I figured it out... From February 16, 2005 the .in domain name was available for registration without any restriction.
Once available to only a small group, .IN domain names is now available to everyone who wants one. Companies, individuals, and organizations in India and abroad will be eligible. Show your pride by using a .IN domain name -- the symbol of India's future!
With India emerging as a global destination for IT outsourcing/off-shoring, Indian organisations should change the domain names of their websites and e-mail IDs to sport .in at the end, just like other countries.
Beginning in early 2005, anyone who wants to register a .IN domain name will be allowed to. Registration will also be open to parties inside and outside of India, without restriction. For the first time, domains will be available at the second level -- easy-to-use and easy-to-remember domains such as "mydomain.in". Registration at the third level will also be open. There will be a variety of popular extensions available, such as mydomain.co.in, myorganization.org.in, and more!
The new era for .IN has just begin for the general public as planned on February 16, 2005.
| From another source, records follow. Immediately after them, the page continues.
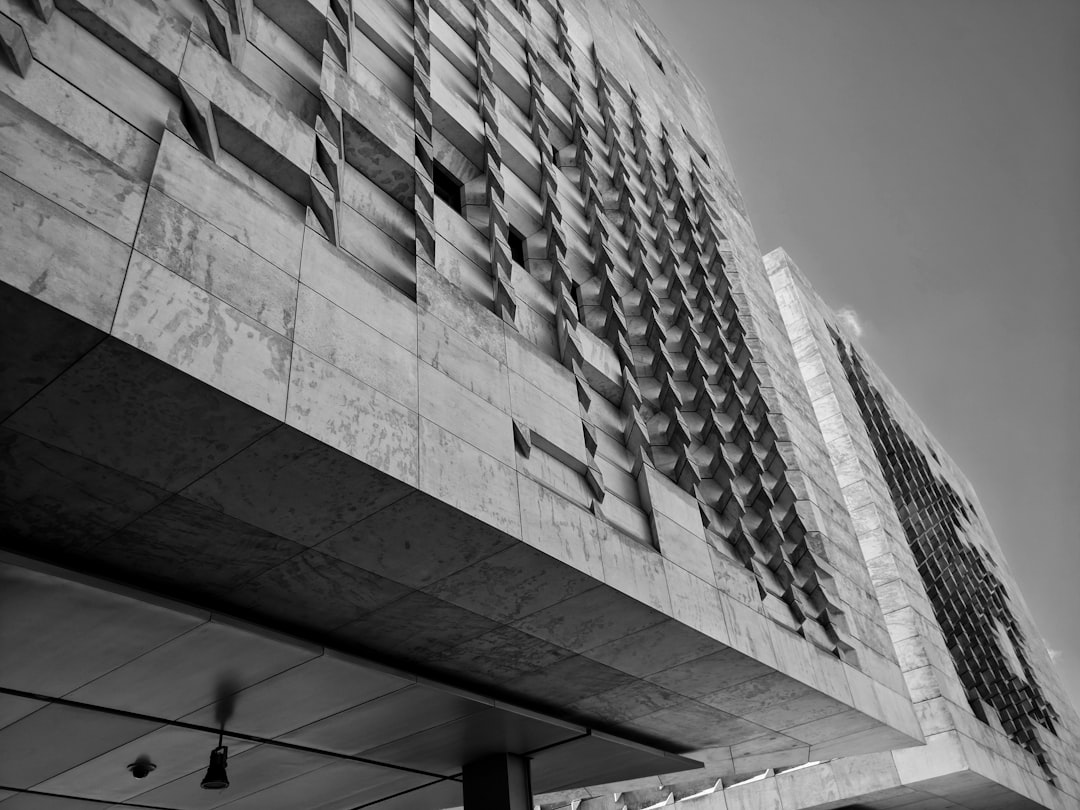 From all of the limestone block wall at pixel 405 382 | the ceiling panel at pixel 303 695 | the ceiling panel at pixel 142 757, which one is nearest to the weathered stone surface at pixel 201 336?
the limestone block wall at pixel 405 382

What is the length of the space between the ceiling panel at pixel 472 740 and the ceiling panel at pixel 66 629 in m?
4.26

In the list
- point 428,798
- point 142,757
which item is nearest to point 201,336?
point 142,757

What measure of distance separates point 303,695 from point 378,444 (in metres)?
4.37

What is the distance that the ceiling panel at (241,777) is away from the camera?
479 inches

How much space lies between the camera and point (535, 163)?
14.2 m

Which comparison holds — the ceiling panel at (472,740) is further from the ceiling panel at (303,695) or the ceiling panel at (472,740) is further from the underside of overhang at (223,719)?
the ceiling panel at (303,695)

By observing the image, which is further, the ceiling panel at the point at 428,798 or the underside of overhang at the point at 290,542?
the ceiling panel at the point at 428,798

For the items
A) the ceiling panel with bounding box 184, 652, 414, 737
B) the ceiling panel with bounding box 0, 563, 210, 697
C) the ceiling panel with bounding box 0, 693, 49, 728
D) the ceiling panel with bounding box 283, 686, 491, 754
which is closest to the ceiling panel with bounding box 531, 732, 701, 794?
the ceiling panel with bounding box 283, 686, 491, 754

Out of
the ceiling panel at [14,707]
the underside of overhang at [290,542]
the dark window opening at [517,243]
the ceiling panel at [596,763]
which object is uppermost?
the dark window opening at [517,243]

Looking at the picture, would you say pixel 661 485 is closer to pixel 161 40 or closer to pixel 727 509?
pixel 727 509

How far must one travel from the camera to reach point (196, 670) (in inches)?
377

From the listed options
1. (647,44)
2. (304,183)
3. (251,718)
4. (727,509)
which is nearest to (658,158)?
(647,44)

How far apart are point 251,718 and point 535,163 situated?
347 inches

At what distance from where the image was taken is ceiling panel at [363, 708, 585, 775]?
1170cm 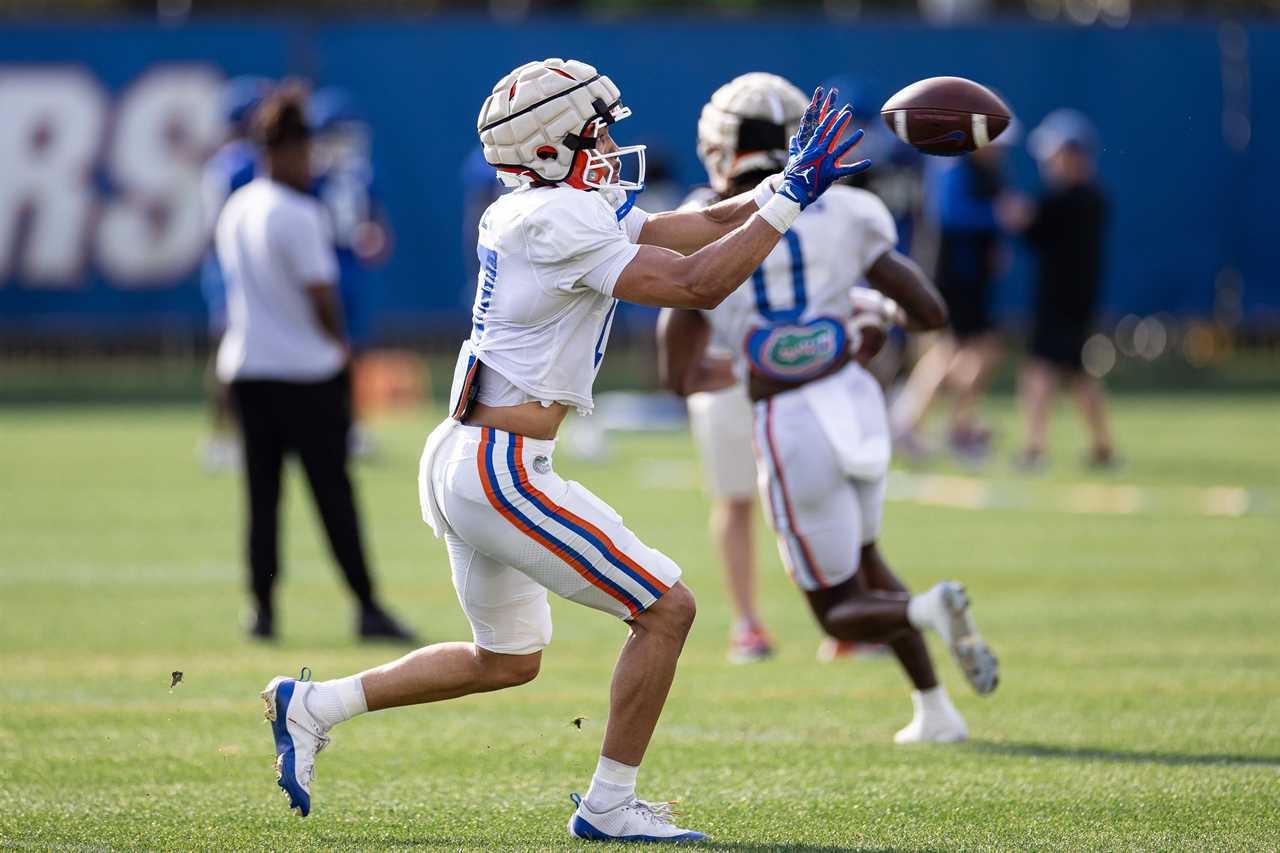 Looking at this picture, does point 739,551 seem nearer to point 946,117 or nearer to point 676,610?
point 946,117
Registrants started asking about how to get their own .IN domain soon after NIXI took responsibility on January 1. By the time the registry opened for real-time registrations on February 16, more than 33,000 names were snapped up in the first minutes. By the end of the first week, the 50,000 mark was crossed. Less than 100 days into its re-launch, .IN is about to pass the 100,000 registration milestone. Along the way, almost 30 registrars are already accredited and a domain name industry is starting to form in the country.
Does that mean that the domain will actually drop the same day it expires??? no second chance for the original domain owner? thats pretty risky and highly prone to cybersquatting. I mean just think if some pour soul forgets to renew for whatever reason, he can be nicely screwed up by those sharks sitting out there...
I am sure there will be redemption/grace period.
It will be tough for individual to go after the premium .in names as enom & directi will be aggressively going for these .in domains.
Moreover, I checked with couple of owners of top .in keyword and they have set auto renewal on.
I think I found your answer from some of my own domains that have expired. You have roughly 30 days from the day your domain name expires until it will be available to register by the public again.
During these 30 days you may "restore" the domain name back into your account at the registrar you use.
Now here is the catch: It will cost you $75!! (this is at Resellers, but probably the same or close anywhere else).
So, if you messed up, and it is a really good name, do you "restore", so there is no chance of losing it?
Or, do you gamble, and let it expire, then hope you are the first one to catch it again.
I have a LLL.co.in I let expire. I was going to restore it, until I saw the $75. I gamble, and try to catch it again. I have 2 good "mobile" names, I just might pay the $75 apiece for.